Hiking Ireland's Croagh Patrick
If you’re heading to the west coast of Ireland and you need something to do in-between pub visits…add this stunning half-day hike up Ireland’s holiest mountain to your list! Here’s a quick little guide from our Marketing + Events Coordinator, Thuc.
Croagh Patrick in County Mayo is considered the holiest mountain in Ireland. It’s one of the highest peaks in Ireland’s west, rising 750 metres above sea level, serving up spectacular views over Clew Bay and the surrounding Mayo countryside.
I thoroughly enjoyed this hike - way more than I’d expected! The start is gentle and takes you through some grassy and rocky sections and as you work your way higher, the views over the bay are very Irish and very pretty!
We hiked Croagh Patrick in late December and the second and third sections (more on the 3 sections further down) were snow-covered, adding the complexity of hiking on ice and snow. I was very thankful that I was in my proper hiking boots instead of just trail runners! Even still, there were a few spots that felt precarious but nothing that deep breaths and firm footing couldn’t solve!
As with all mountains, the weather can be a game-changer. The wind picked up as we were approaching the summit, growing bitterly cold and sweeping in clouds that compromised visibility. The wind was so strong that we couldn’t hear each other talk and so cold that we really struggled to get those all-important iPhone selfies! We spent only mere minutes on the summit before starting back down.
Once I got back through the slippery scree section and defrosted, I could finally relax and enjoy how beautiful the hike was. We had started out mid-morning so by now, it was golden hour. The sun sliced in and out of the moody clouds that had rolled in and then a rainbow appeared over the bay to bid us farewell. Back in Westport, we treated ourselves to frothy Guinnesses and live music. Croagh Patrick is the only mountain I’ve hiked in Ireland so far but it has set the bar high!
Steeped in history
Croagh Patrick is believed to have held significance, even before Christian times, as a pagan pilgrimage route.
Today, the mountain still attracts about one million pilgrims annually. On the last Sunday in July, over 25,000 pilgrims climb Croagh Patrick and celebrate mass at the summit where a modern chapel as been built.
Of course, even if you are not religious, hiking Croagh Patrick is well worth it for the challenge and the landscape.
Start and end point - the Croagh Patrick Visitor Centre is your starting point. It is 10 kilometres (15-minute drive) from Westport.
There is a carpark here and facilities.
Packing list - a small day pack is sufficient to carry your water and snacks. Sturdy hiking shoes with good grip are a must in my books and I highly recommend a lightweight fleece and a rain jacket. I would also advise taking trekking poles (you can rent a stick at the Visitor Centre). I would also take a small First Aid kit; it is a popular hike near town but best be prepared! For example, when we headed up, we only came across 4 other hikers.

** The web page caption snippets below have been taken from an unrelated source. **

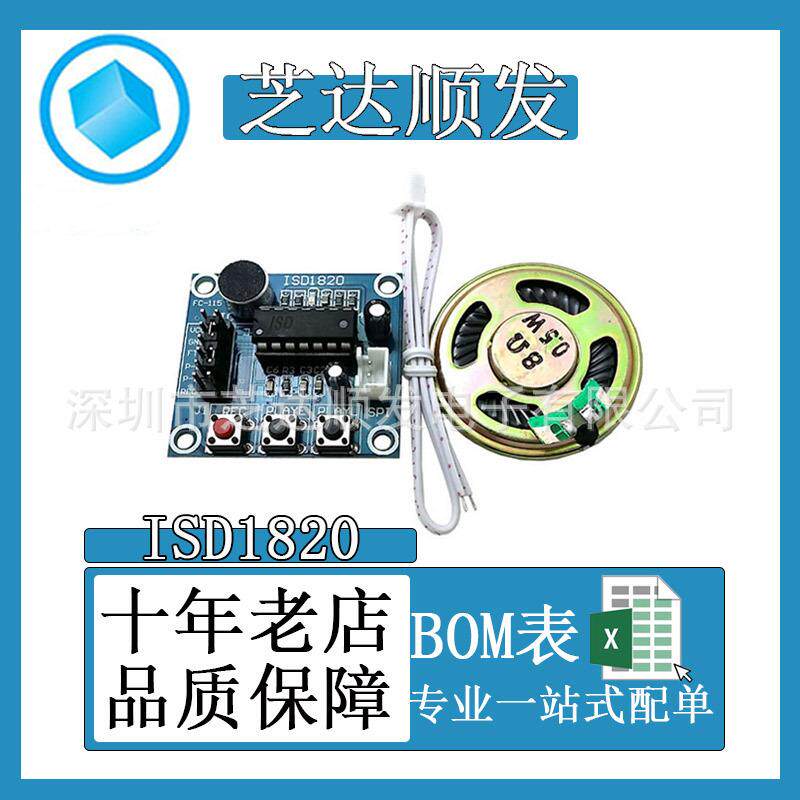 ISD1820录音语音模块 语音芯片模块 录放音模块 板带咪头 带喇叭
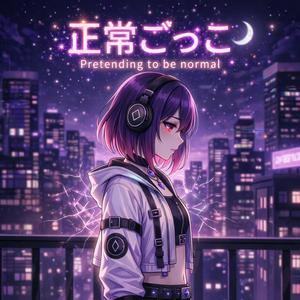 正常ごっこ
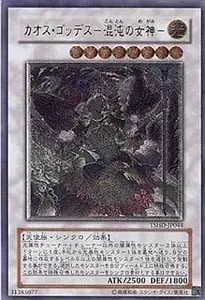 カオス・ゴッデス－混沌の女神－【TSHD-JP044 UL】 買取 | 遊戯王OCG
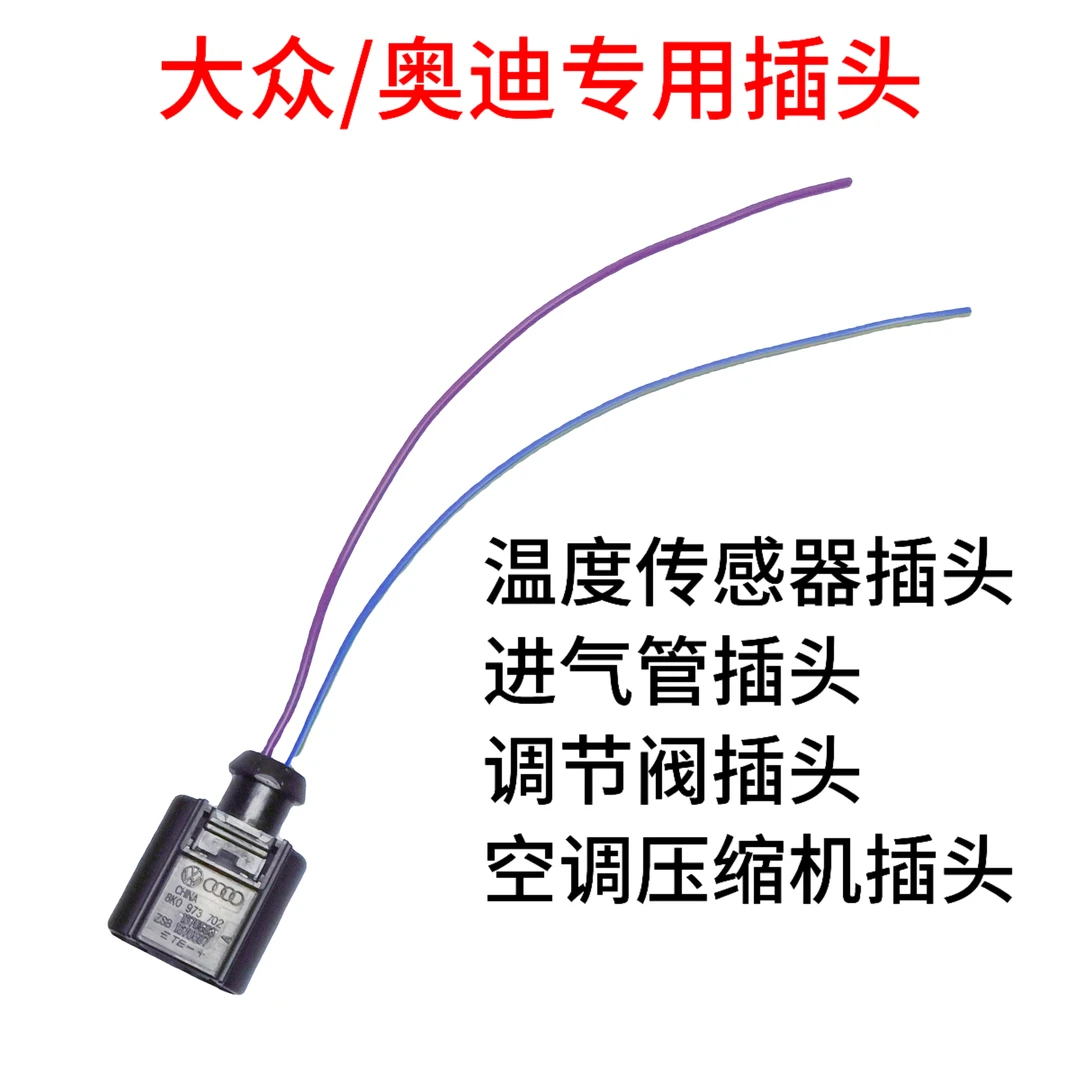 大众奥迪专用汽车插头奥迪空调压缩机插头调节阀/温度传感器插头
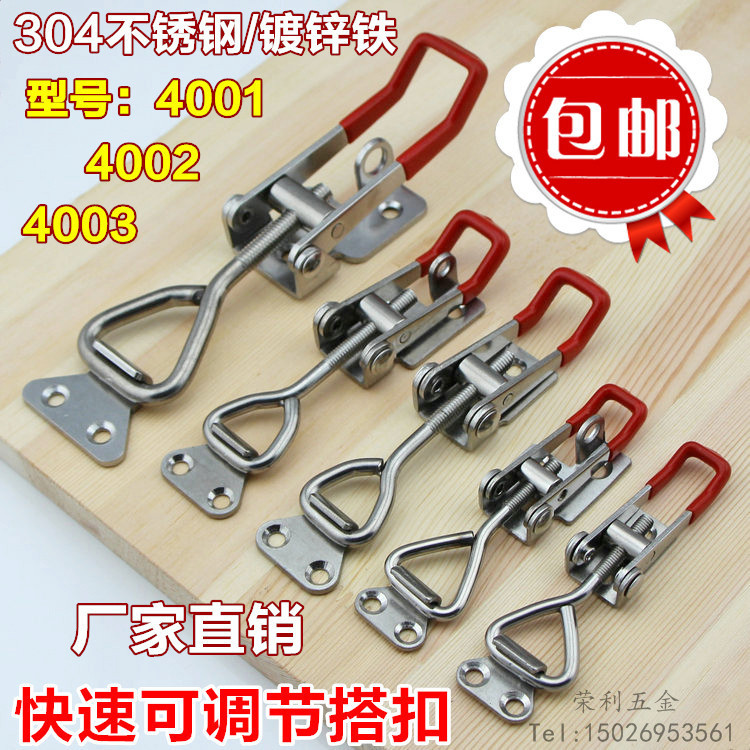 厂家直销304不锈钢快速夹具 锁扣锁夹 可调搭扣 门栓式夹钳4001 4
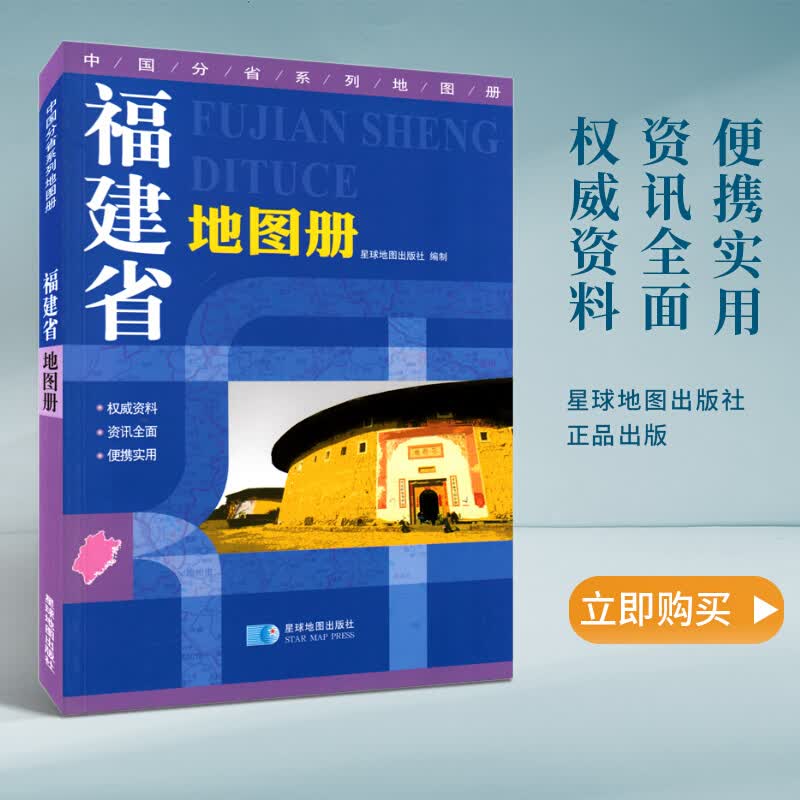 【急速发】福建省地图册 福建交通旅游地图册 含行政区划分 高速国道县道详细到乡镇 丰富的旅游信息 星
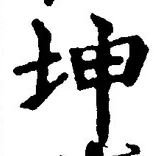 글자 坤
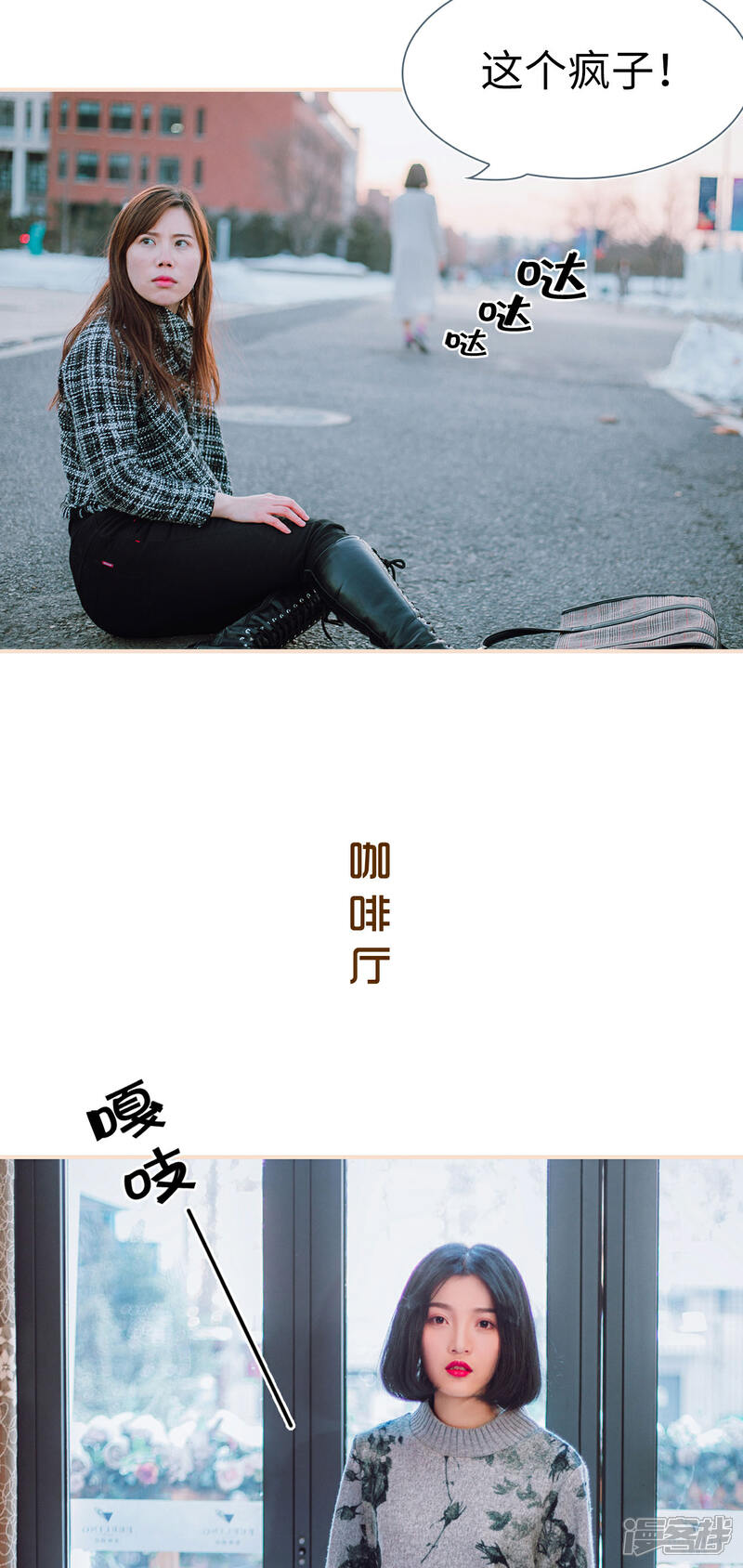 第3话-暖婚100分-剧能玩（第8张）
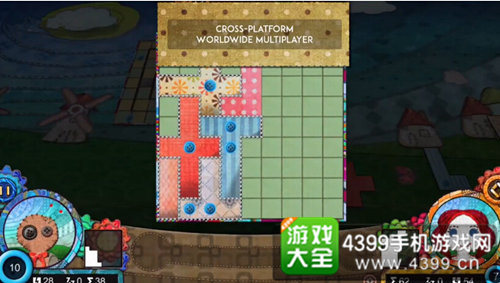 《彩布拼凑》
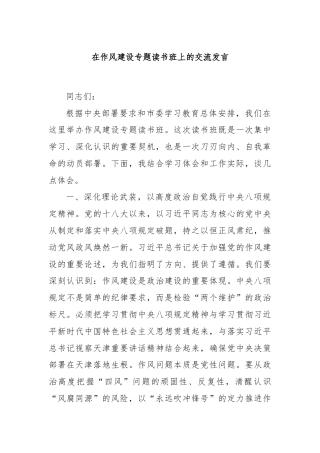 在作风建设专题读书班上的交流发言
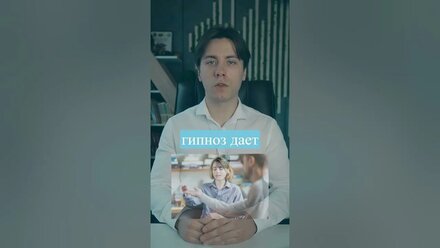 Что же такое гипноз? #гипноз #гипнотерапия #психология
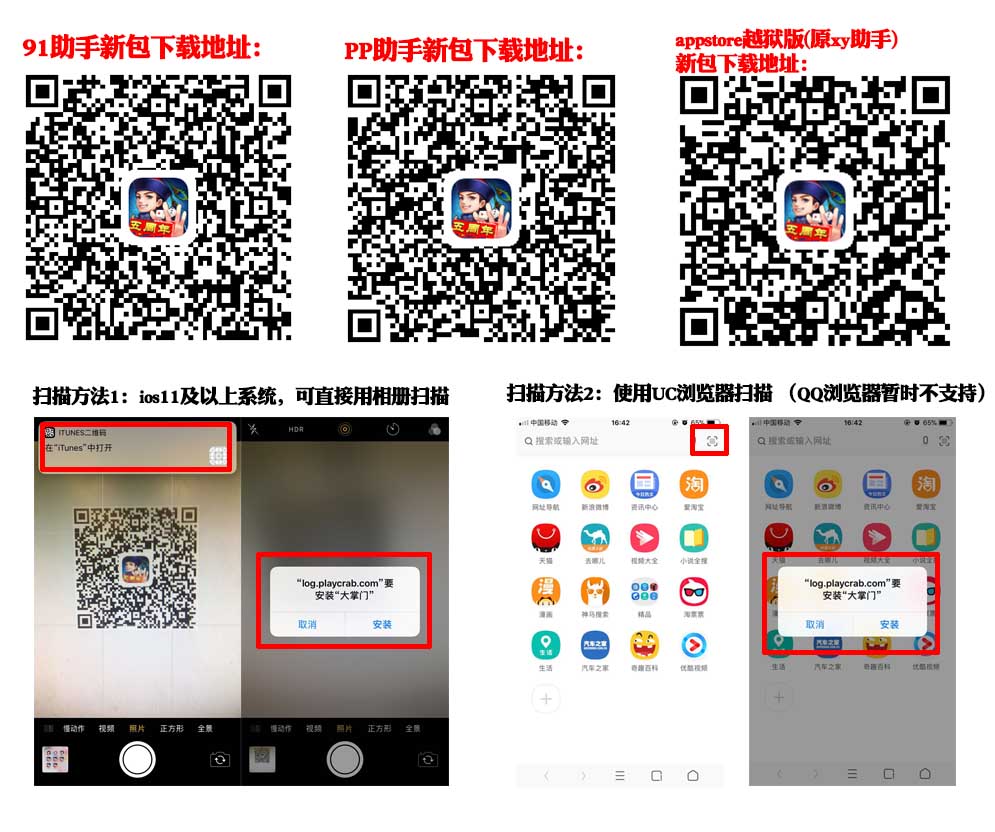 扫二维码的游戏_手机扫描二维码有网页游戏_扫描二维码玩游戏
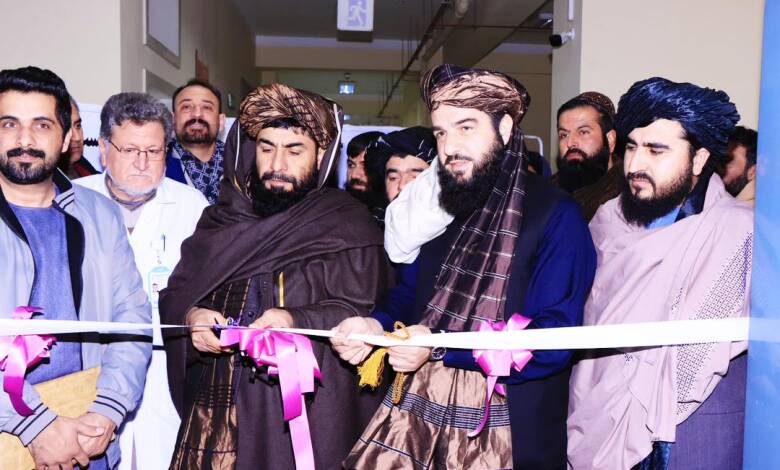 Mother & child care ward opens at Balkh Zonal Hospital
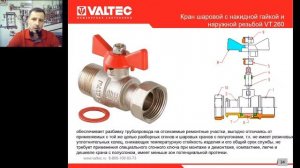 Водопроводная арматура - вебинар 15.04.2021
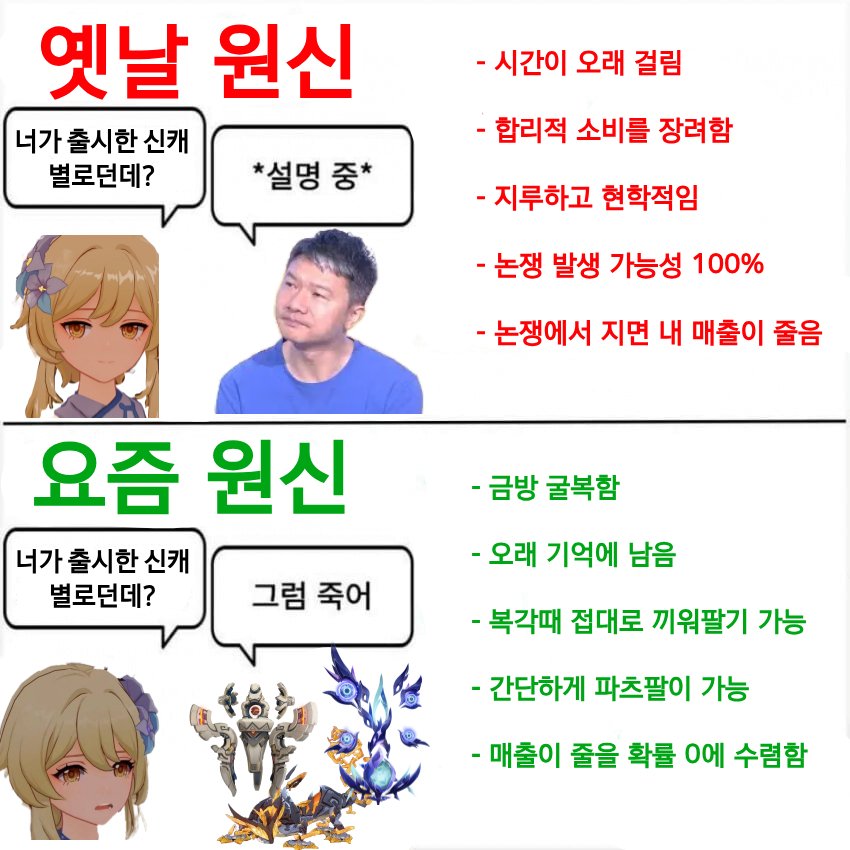 설아 tweet media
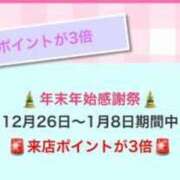 ヒメ日記 2024/01/03 23:03 投稿 ひめ アイドルチェッキーナ本店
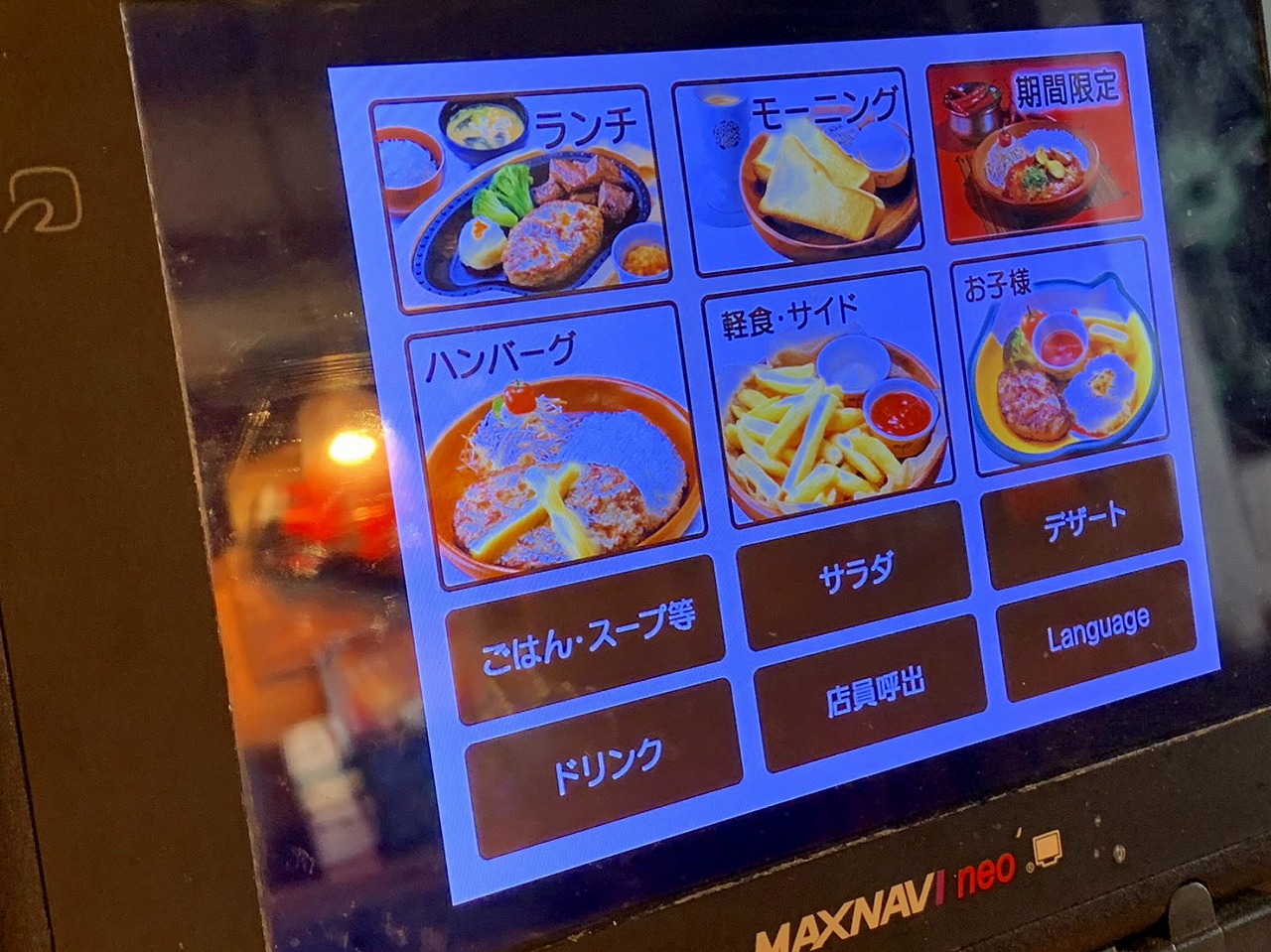 びっくりドンキーモーニング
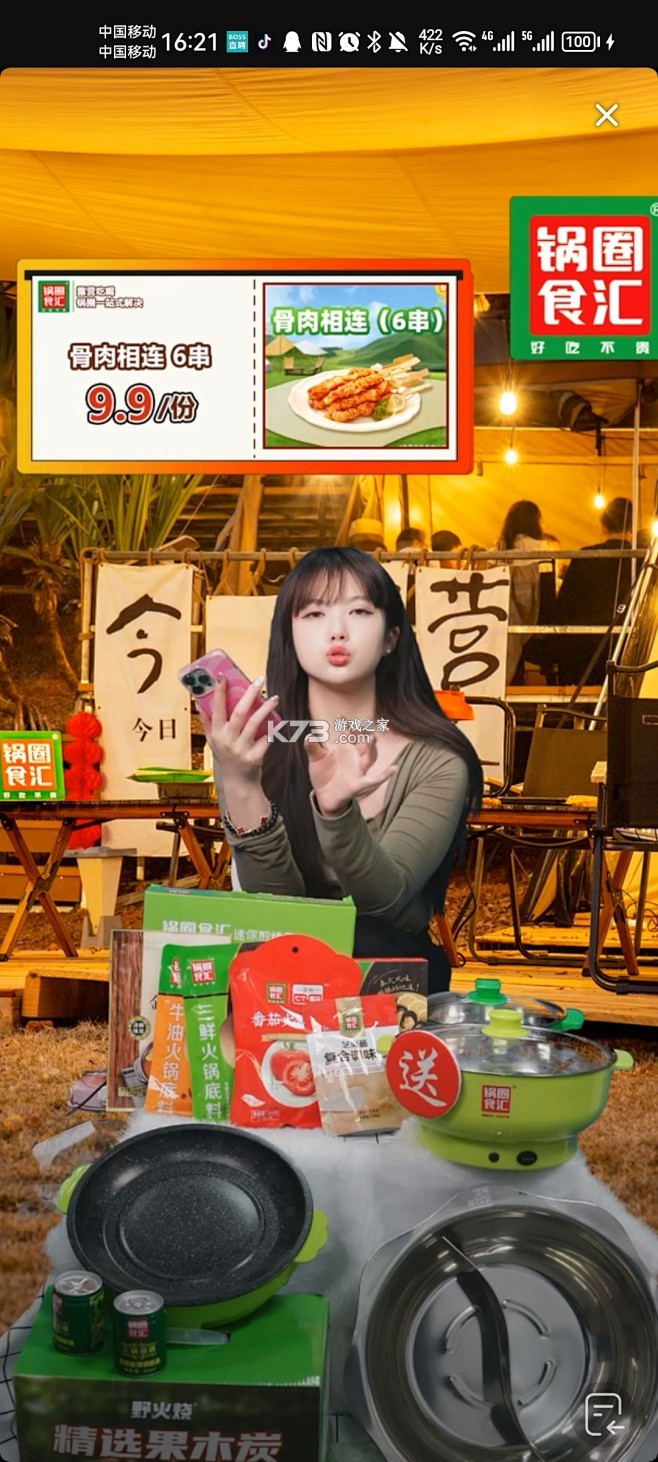 乐嗨直播 v4.1.4 下载官方版 截图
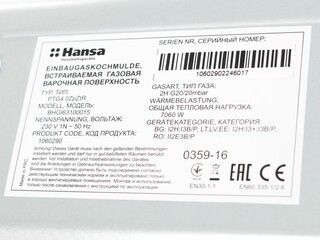 Изображение товара Газовая варочная поверхность Hansa BHGI63100015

The difficulty of the hike: overall 2.5/5
On fine days, this is a half-day hike on mostly moderate gradient and mostly predictable, firm terrain.
Navigation - in terms of route finding, the hike up Croagh Patrick is easy as the trail is very easy to follow.
Gradient - we can break the hike into three sections. The first section is from the carpark through some grassy and rocky sections at a gentle gradient, leading to the shelf of the mountain. The second section is also easy to handle and takes you from the shelf to the base of the final upper slope. The third section is the most difficult; it is the steepest and is on loose scree so footing can be tricky (here is where trekking poles come in handy!).
Length and duration - on average, this hike takes 3-4 hours return (Google Maps above is a little ambitious!)